BTW: I think we made the ship about as real as we could for the reader who isn’t already familiar with the complexities and sheer size of a boat like this. It’s really one of the major concerns I had in the beginning, how do we explain this to the reader in a way that makes sense? It was the biggest challenge we had to overcome, and I think we accomplished it.
As you researched the book, what surprised you the most?
JDM: For me, the environment itself—how vast, intricate, and claustrophobic it is. It’s hard to imagine if you haven’t actually been there. In fact, that was one of the biggest challenges: conveying that sense viscerally to the reader, putting the reader in that world so they would feel it for themselves.
BTW: Nothing to add.
I was especially impressed that minor characters, some who just appear very briefly before they’re killed, come across as real people, enabling their deaths to have an emotional resonance; can you discuss how you managed to imbue them with life even in just a few pages?

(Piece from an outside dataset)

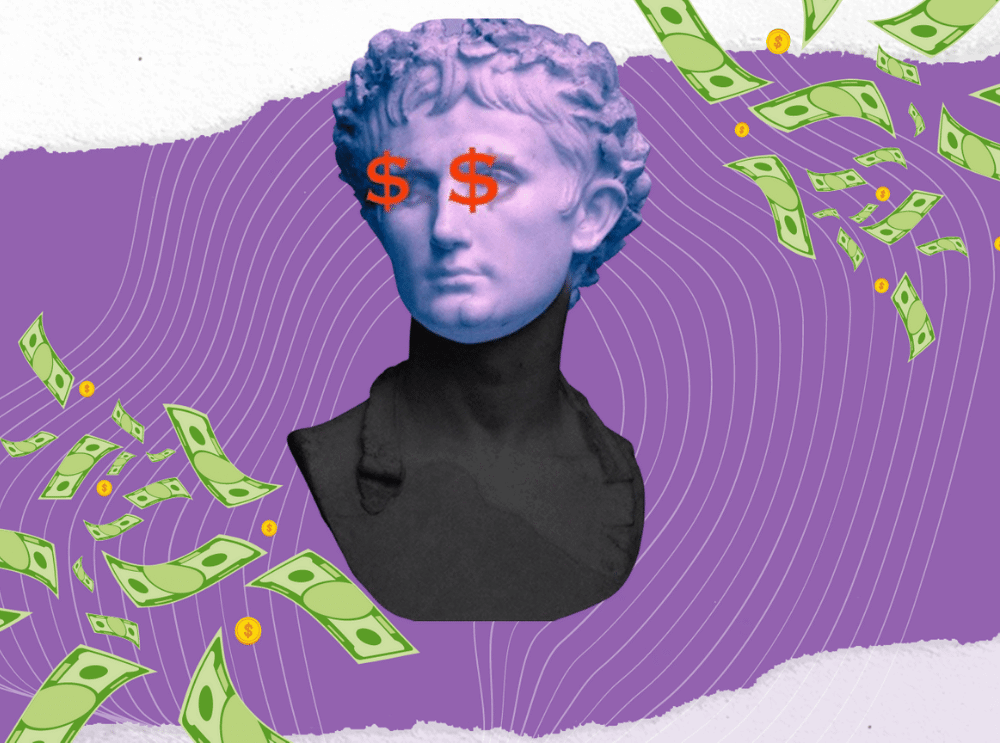 ¿Cómo ganar dinero en Instagram en 2021? ¿Cómo Instagram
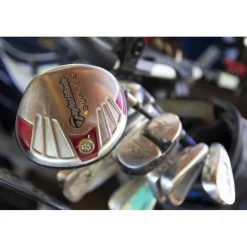 Allegroitalia Elba Golf - Exclusive Elba Experience - Golf Club - 3 Days 2 Nights - Avvenice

JDM: As much as I try to do character sketches before setting out to write, it never quite works; I always discover a whole lot more about characters once they’re in motion and I’m asking myself questions about them as they develop on the page. Often I’ll write a good amount of material that ends up being cut (this happened, for example, with Sam Schofield), but I don’t mind; I’m getting to know the character.
My #1 goal, when I’m drafting, is simple: to write until I fall in love with the character. If I don’t genuinely care about them, then the reader won’t care about them, and if the reader doesn’t care about them, the whole thing falls apart.
BTW: As I stated earlier, what I’ve learned from the greats, John included, is that minor characters’ development is crucial. Too many writers will overlook this and put in plain cardboard placeholders for supporting characters, and this dulls the overall story arc. Spending the time to bring all characters to life is what makes a great story, movie or series.
Finally, I am also impressed at your maintaining a high level of suspense over so many pages – could you elaborate on your method?
JDM: For me it’s a LOT of sketching, trying things out, sketching, erasing, and sketching some more. A draft is like a pencil sketch of what will eventually become an oil painting. At first, I might get no more than general shapes—the oval of the head, the curve of the arm. A horizon, a tree trunk. Monica and Scott have a conversation: what do they talk about? I have no idea; I just know it either brings them closer or drives them further apart. But something happens.
There’s another thing in music: your bass line. You listen to the saxophone or piano riffing all the hell over the place, and it’s amazing and entertaining and transcendent—but the bass line is what’s ushering you into the next chord change. So a scene may have all sorts of material going on in the foreground, dialogue, and atmosphere and color and information and conflict and attitude—but the whole time, it’s going somewhere, that sudden revelation or new question, fresh crisis or dawning realization, that progression of bass notes that grabs you at the end of the chapter and says, “Yeah, but THIS is where we’re going next!”
Sometimes I’ll write a scene and it’s all surface stuff; I don’t even know what the chord change is, so I don’t actually know the point of the scene. But in the sketching process, I’ll eventually hear the chord change and find the bass note. (Either that or delete the scene!)